▶ **What needs to be done**:
Each line below should be repeated exactly, but no picture should be carried over.

▶ **Source material**:
--- START ---
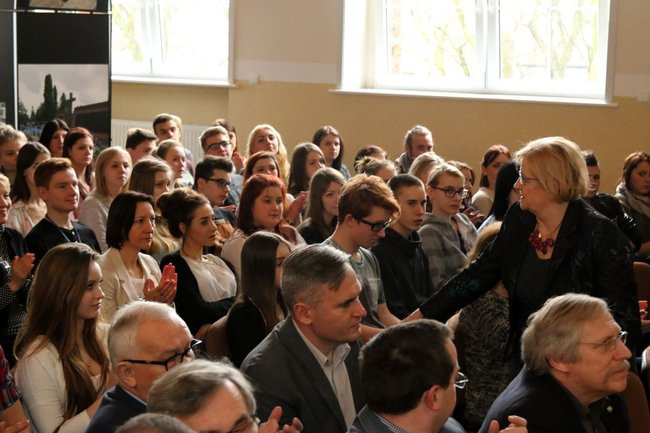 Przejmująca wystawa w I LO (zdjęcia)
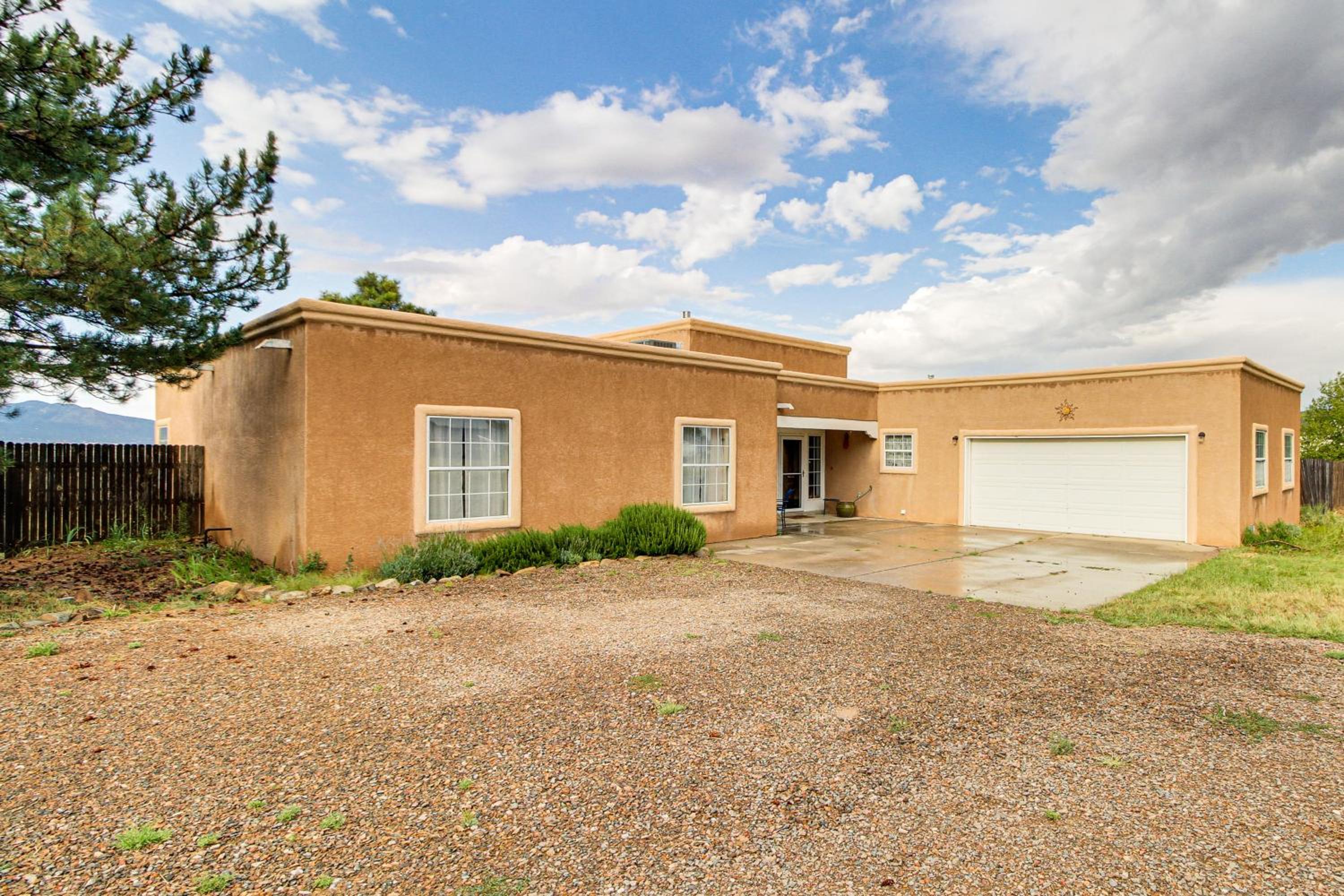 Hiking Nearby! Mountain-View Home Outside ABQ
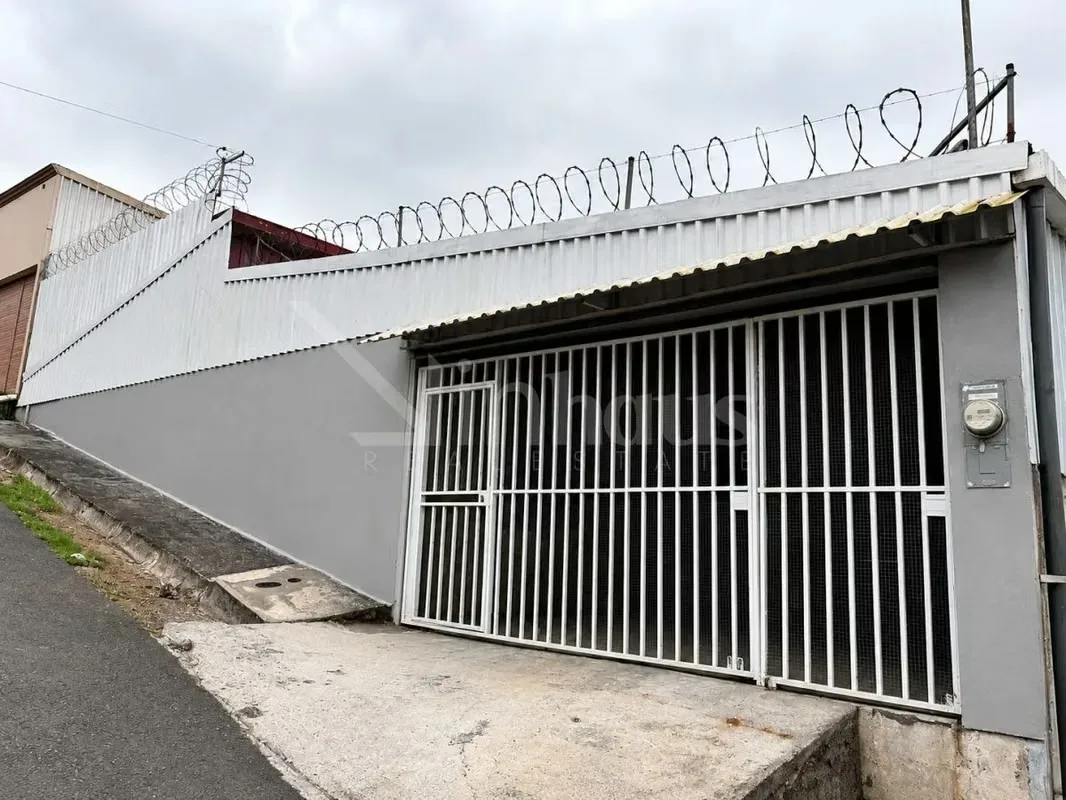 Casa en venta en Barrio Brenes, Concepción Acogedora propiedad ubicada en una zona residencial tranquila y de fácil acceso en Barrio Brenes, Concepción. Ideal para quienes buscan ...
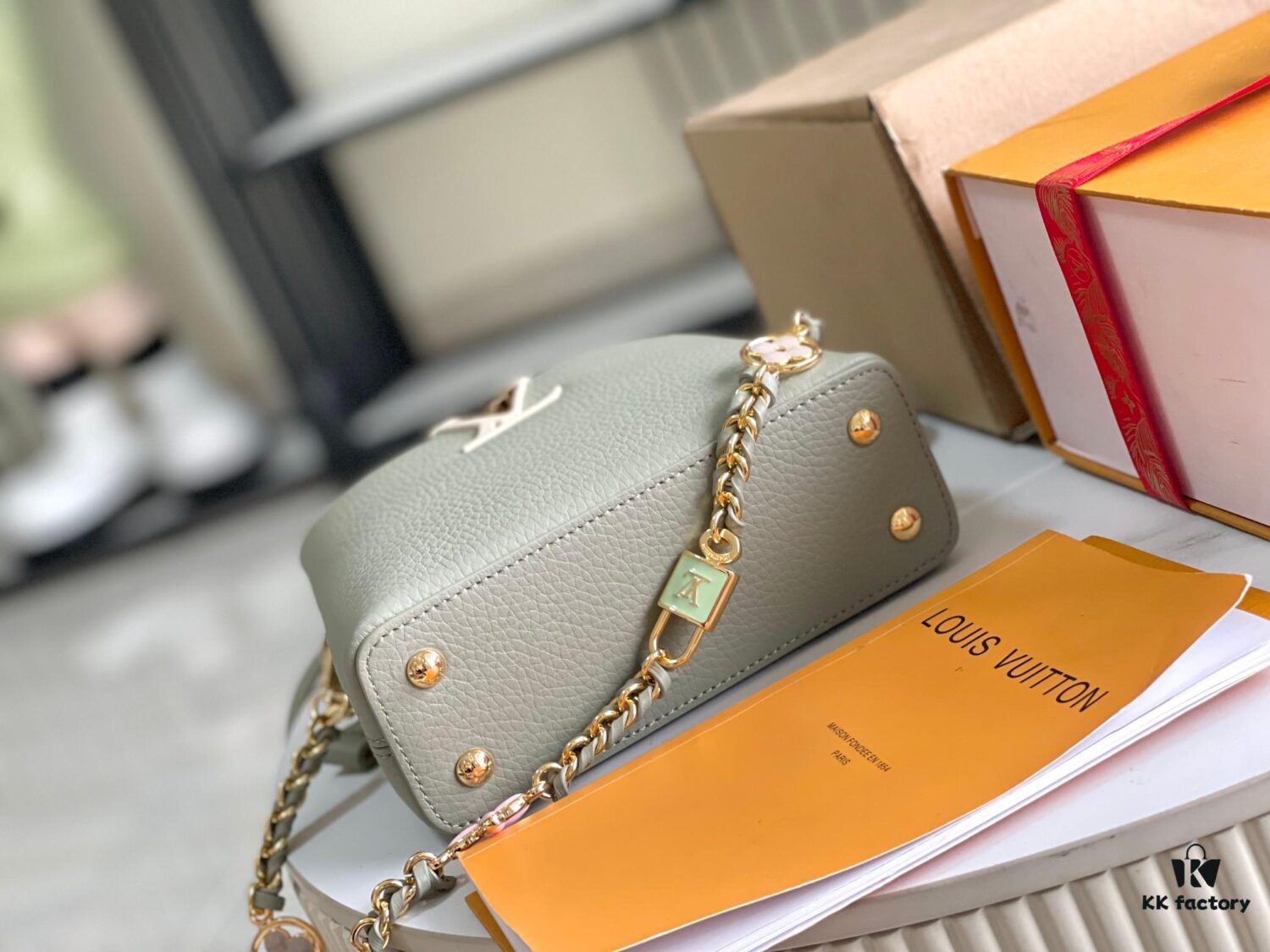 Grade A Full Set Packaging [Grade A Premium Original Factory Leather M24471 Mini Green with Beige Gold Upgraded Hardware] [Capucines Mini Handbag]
--- END ---
▶ **Answer section**:
 Przejmująca wystawa w I LO (zdjęcia)
 Hiking Nearby! Mountain-View Home Outside ABQ
 Casa en venta en Barrio Brenes, Concepción Acogedora propiedad ubicada en una zona residencial tranquila y de fácil acceso en Barrio Brenes, Concepción. Ideal para quienes buscan ...
 Grade A Full Set Packaging [Grade A Premium Original Factory Leather M24471 Mini Green with Beige Gold Upgraded Hardware] [Capucines Mini Handbag]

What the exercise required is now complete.